EXERCISE DETAILS
Nothing but the lines below from the one that contains "Enter a minimum" through the one that contains "Contextual Taskbar. Press" should be retyped, exactly and including both ends. Do not include pictures.

************

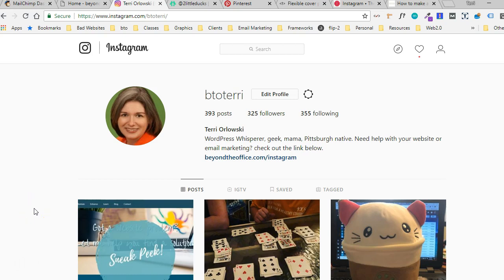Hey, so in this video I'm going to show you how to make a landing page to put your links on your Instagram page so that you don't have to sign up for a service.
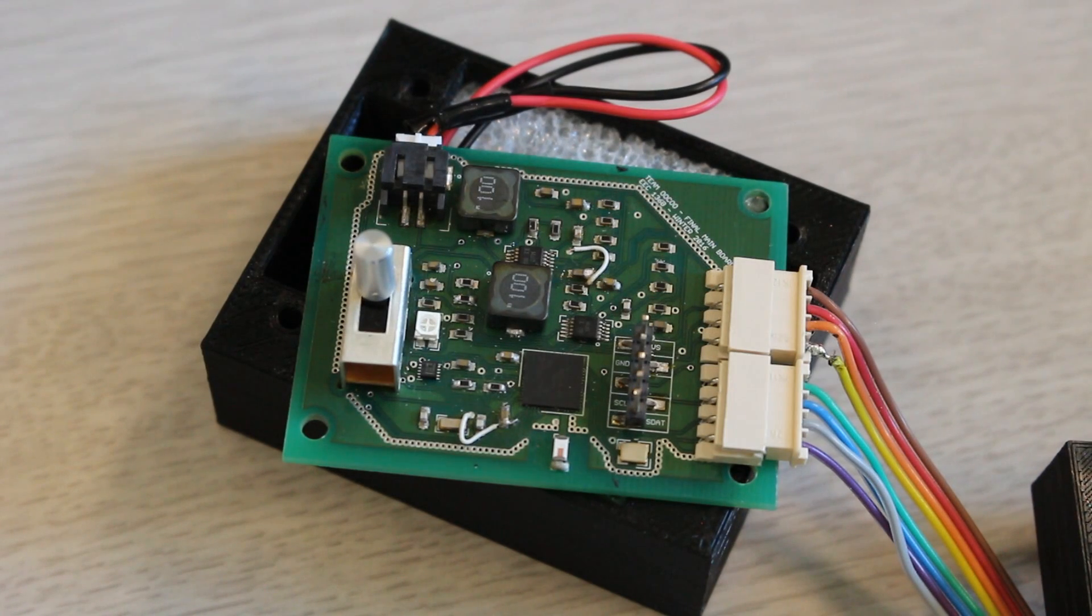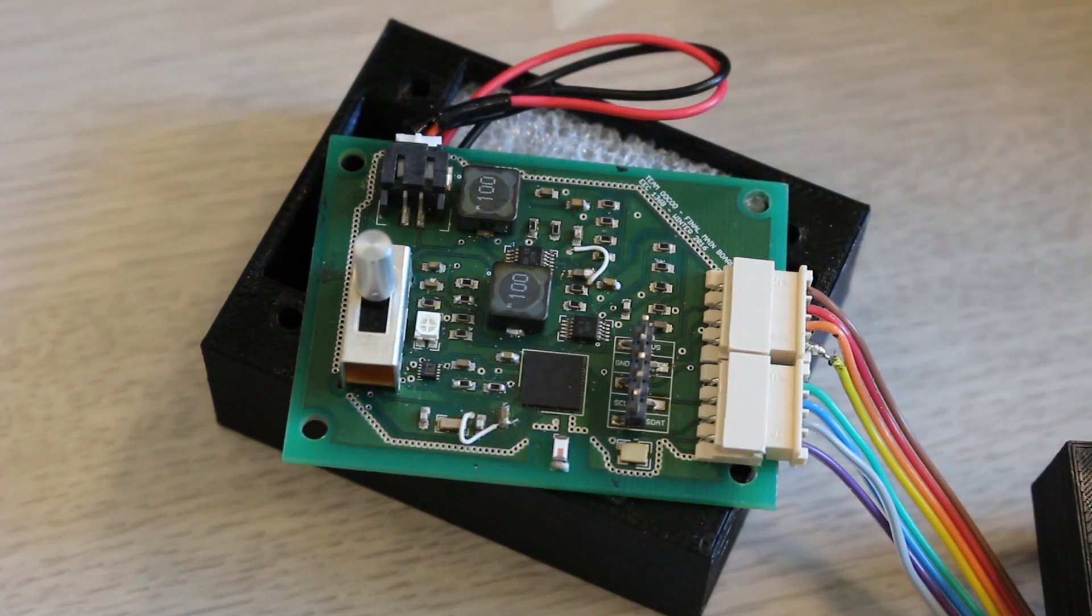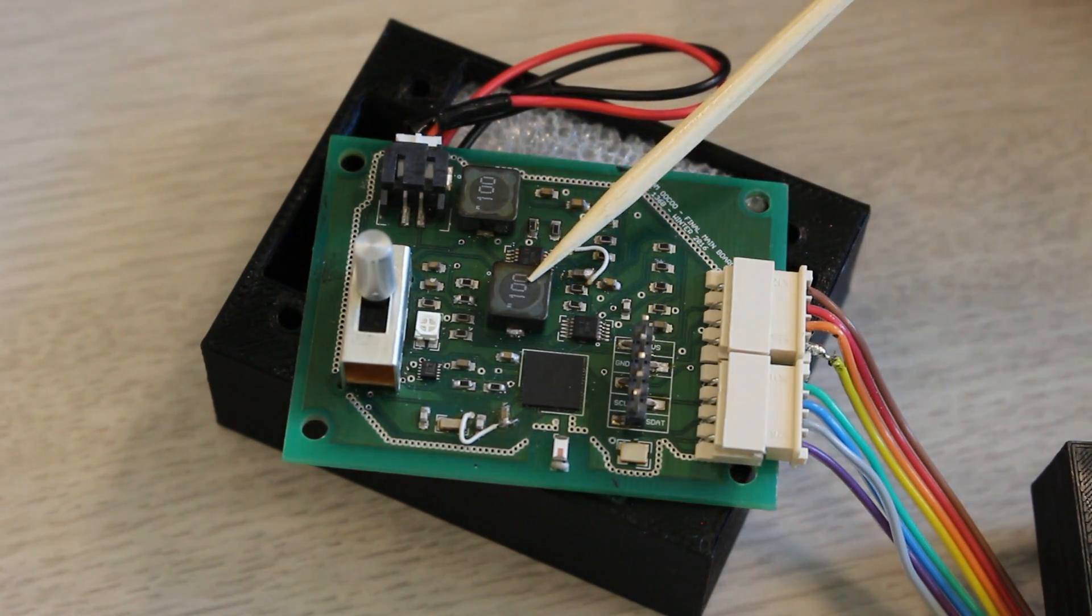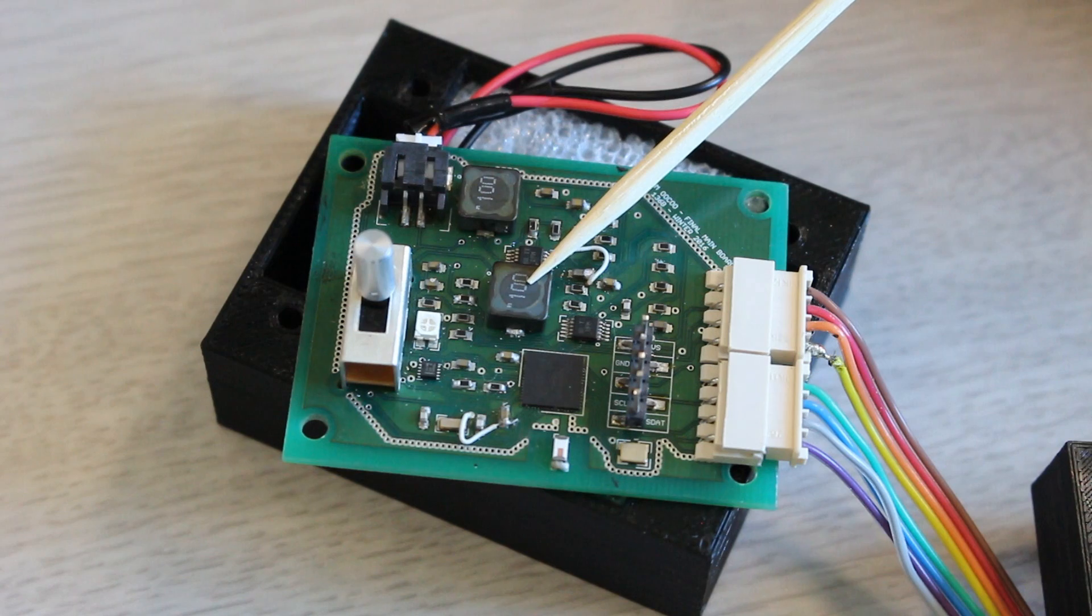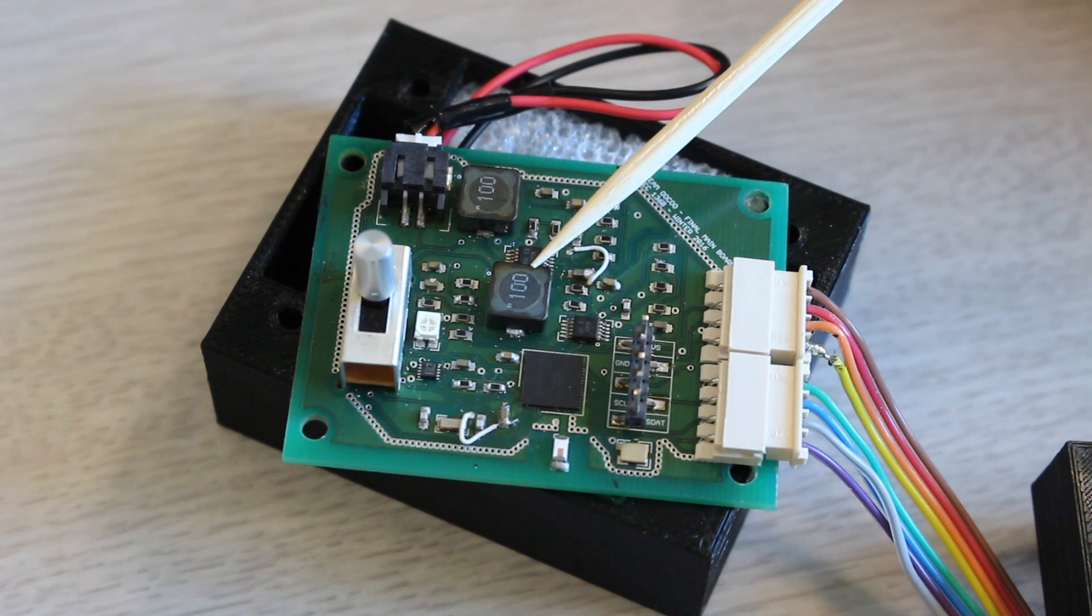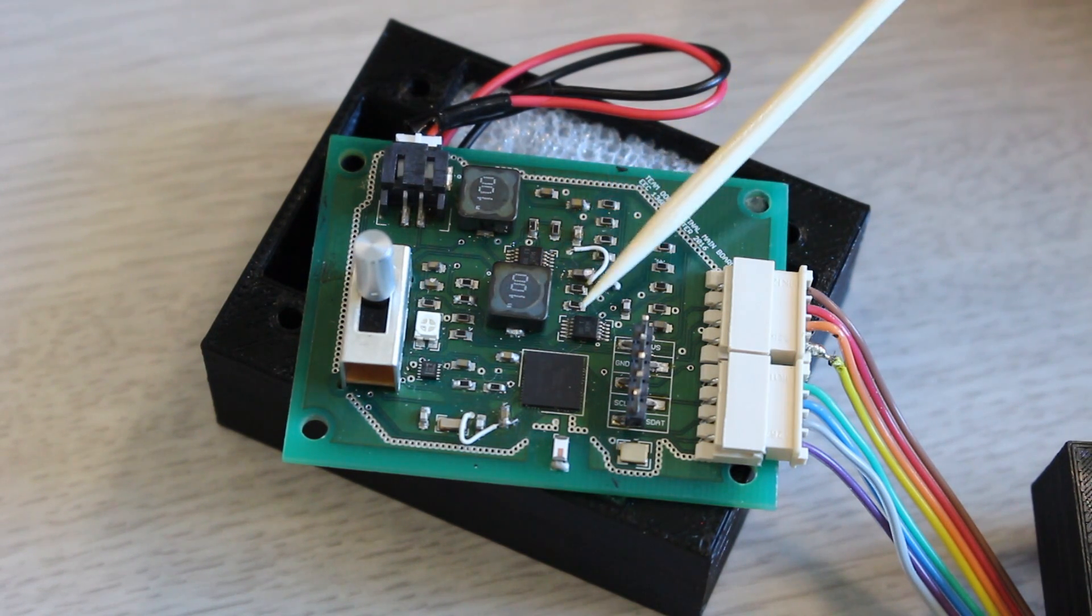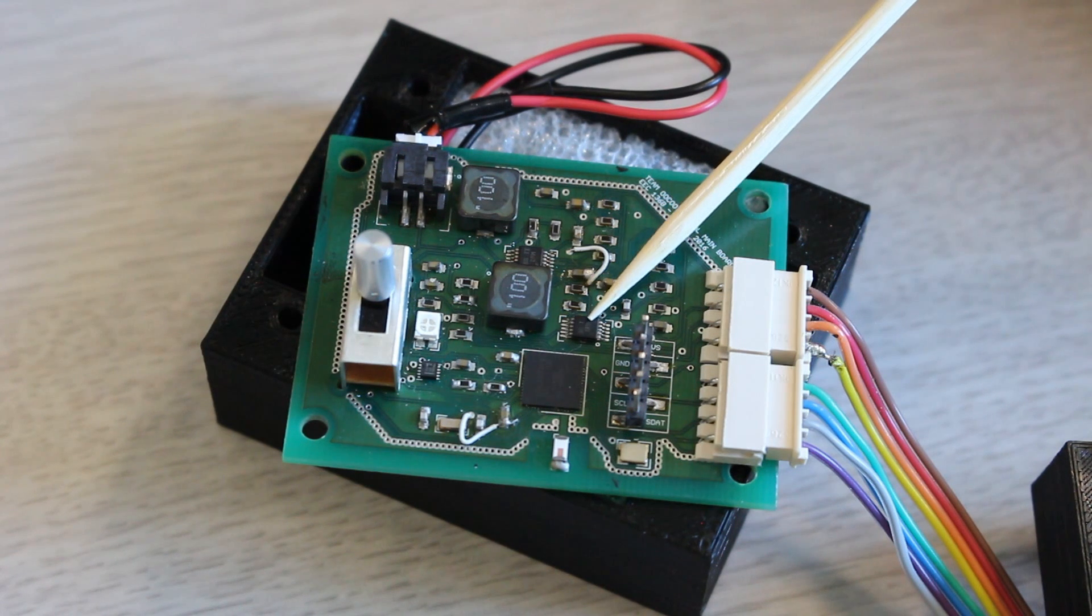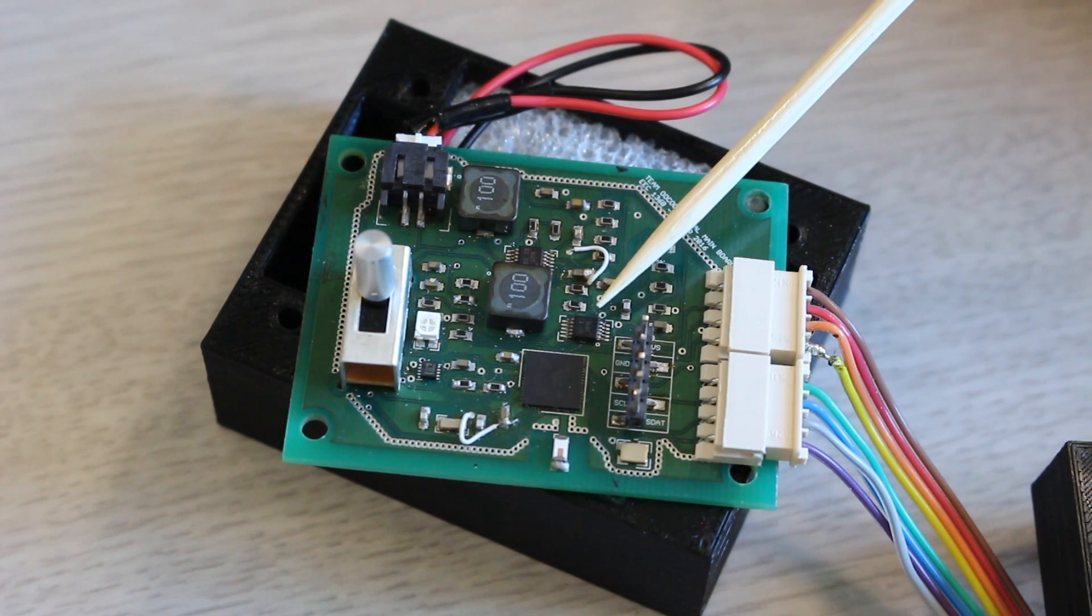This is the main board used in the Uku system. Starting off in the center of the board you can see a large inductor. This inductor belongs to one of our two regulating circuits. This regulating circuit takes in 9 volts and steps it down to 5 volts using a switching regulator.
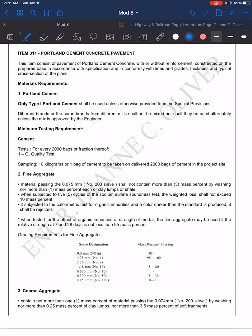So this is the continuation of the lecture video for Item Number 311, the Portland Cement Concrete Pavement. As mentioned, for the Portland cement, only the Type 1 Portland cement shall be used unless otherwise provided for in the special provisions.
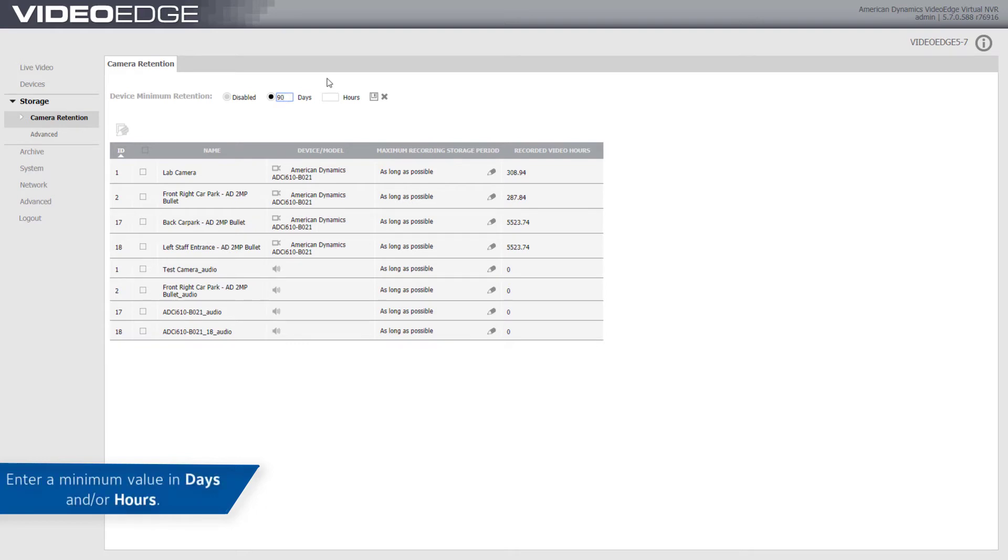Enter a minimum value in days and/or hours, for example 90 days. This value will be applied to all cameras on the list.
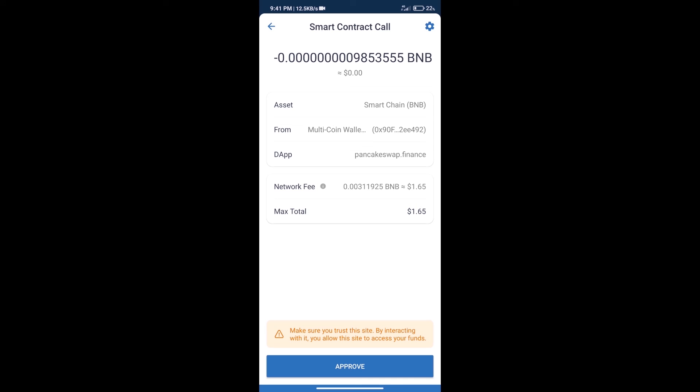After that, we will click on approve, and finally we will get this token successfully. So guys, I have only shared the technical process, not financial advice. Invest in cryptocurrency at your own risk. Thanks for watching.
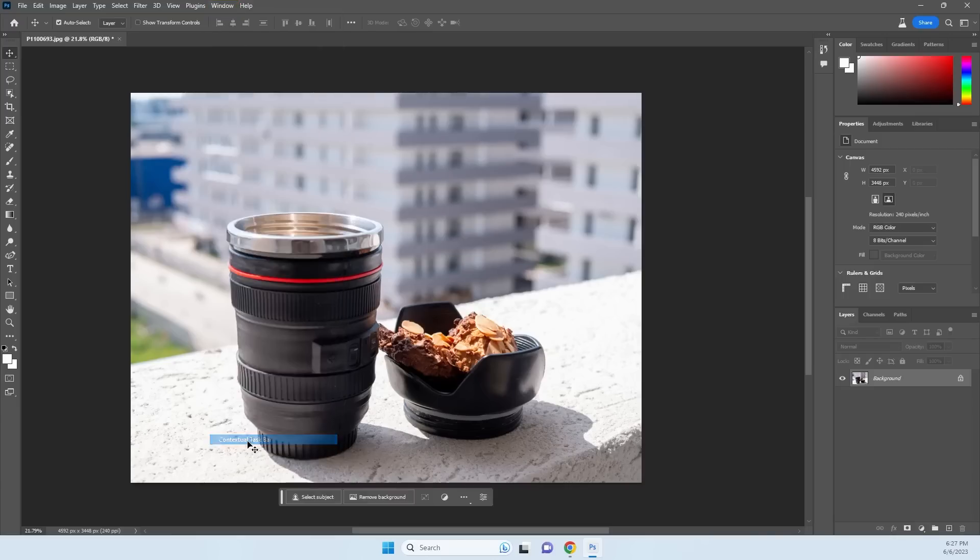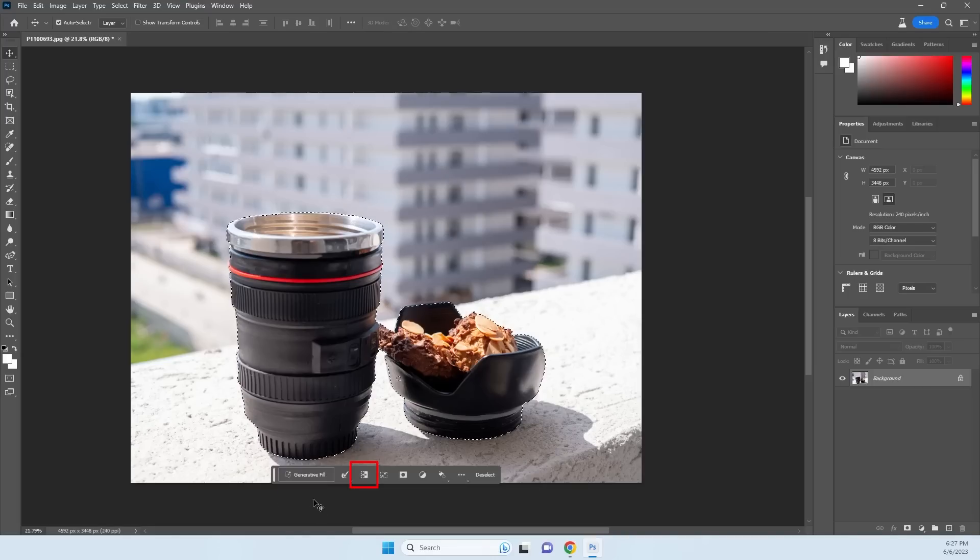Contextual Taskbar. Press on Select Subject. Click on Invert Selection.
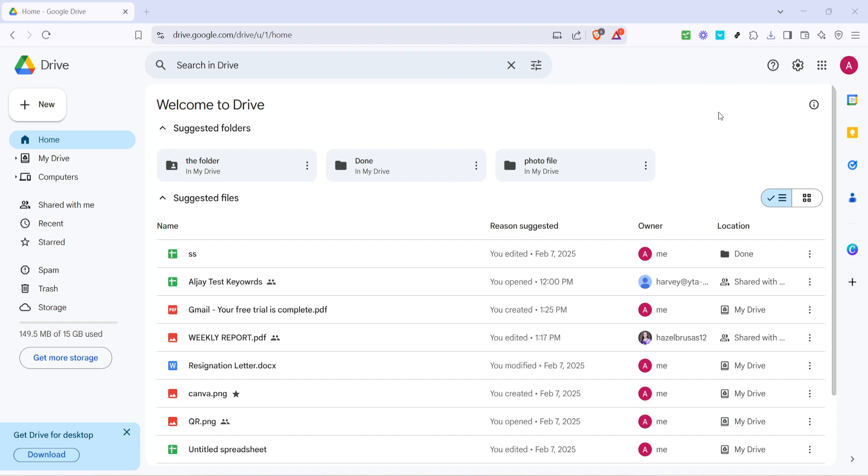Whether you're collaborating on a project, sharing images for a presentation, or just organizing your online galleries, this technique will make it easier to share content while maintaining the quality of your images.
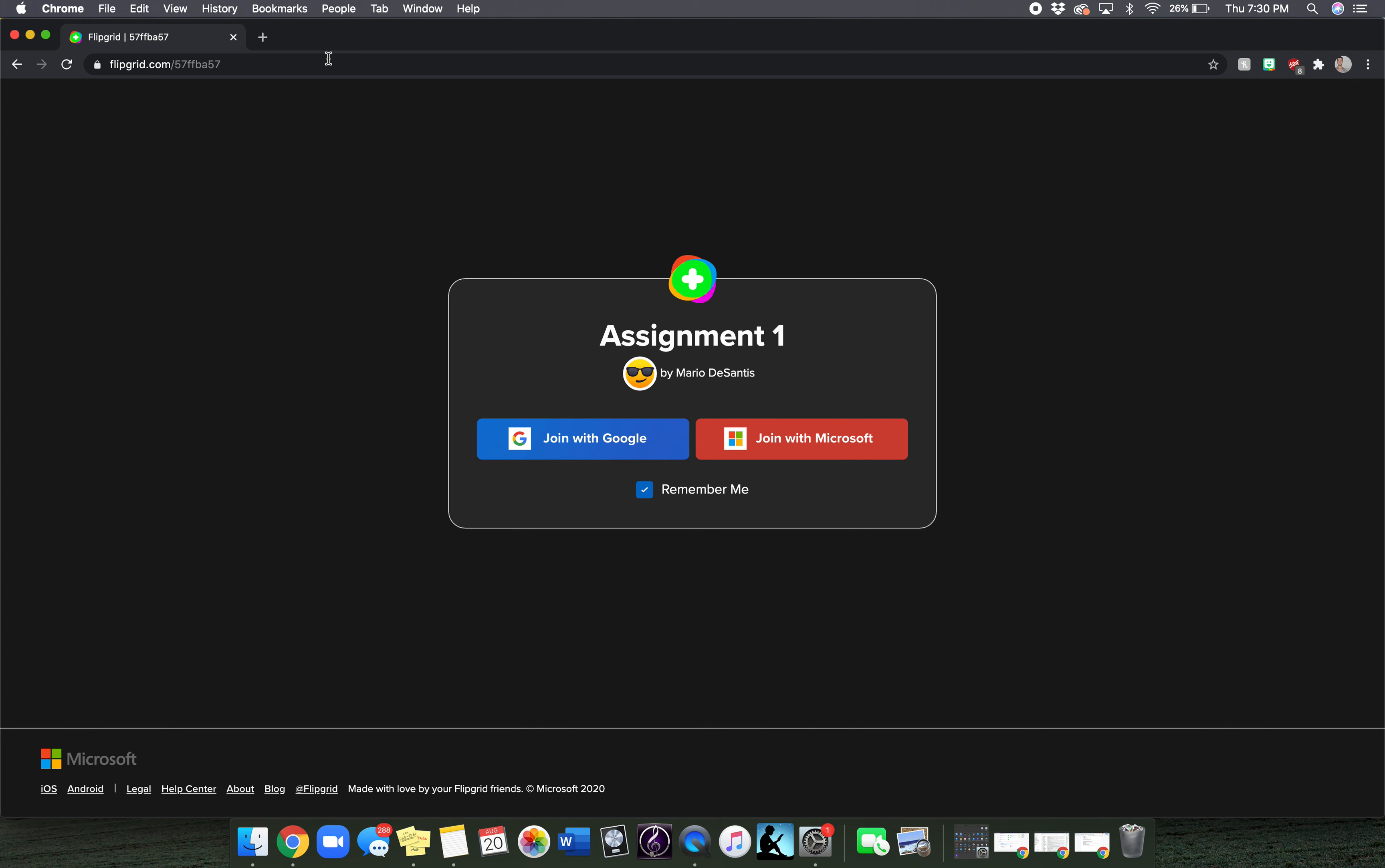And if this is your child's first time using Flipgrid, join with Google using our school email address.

************

OUTPUT FOR THIS EXERCISE
Enter a minimum value in days and/or hours, for example 90 days. This value will be applied to all cameras on the list.
After that, we will click on approve, and finally we will get this token successfully. So guys, I have only shared the technical process, not financial advice. Invest in cryptocurrency at your own risk. Thanks for watching.
Contextual Taskbar. Press on Select Subject. Click on Invert Selection.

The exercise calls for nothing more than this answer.